An Iranian high resolution remote sensing satellite,' Khayyam' was launched into orbit by a Soyuz rocket from the Baikonur Cosmodrome in Kazakhstan on Tuesday morning.
Iran’s Minister of Communication and Information Technology Eesa Zarepoor, who is in Kazakhstan, described the launch of the satellite as the “beginning of strategic cooperation between Iran and Russia in the space industry.”
“The high-resolution images (taken by Khayyam) could be used to improve the space applications in the country in the environmental and agricultural sectors,” he said.
The launch was frowned upon by the west which apprehended that high resolution images taken by the satellite could be used to gather data for military purposes.
Zarepoor announced the Islamic Republic will send a remote-sensing satellite into an orbit 500 kilometers above the Earth by the end of the current Iranian year (March 2023).

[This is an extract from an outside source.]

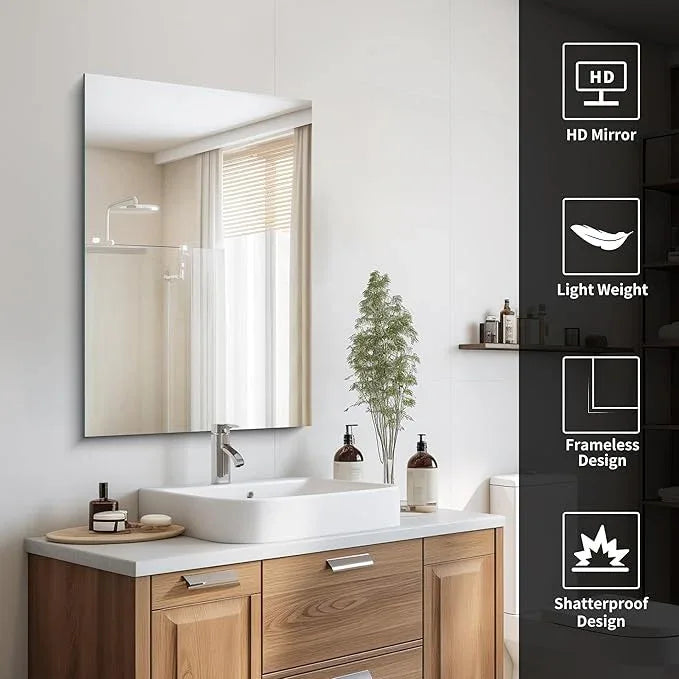 CILIBER Frameless Mirror, 24x36 Inch Bathroom Mirror for Wall, Rectangle Bathroom Vanity Mirrors with Polished Edge, Hangs Horizontally or Vertically for Bathroom, Bedroom and Living Room - ModernBath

“We are now capable of sending light satellites into orbit,” the ICT minister added, explaining that Khayyam weighs 600 kilograms and is going to orbit 500 km above the surface.
Amidst reports in the Western media that the satellite will be used by Russia to spy on military targets, Iran has said that Iranian experts will control Khayyam “from day one."
"All orders related to the control and operation of this satellite will be carried out and issued from day one and immediately after launch by Iranian experts based in Iran's...space bases," the Iranian Space Agency said in a statement on August 7.
The Washington Post reported on August 4 claiming that Russia "plans to use the satellite for several months or longer" to assist its war efforts in Ukraine before allowing Iran to take control of it.
The Iranian space agency has dismissed the claims as "untrue,” and said "no third country is able to access the information" sent by the satellite due to its "encrypted algorithm.”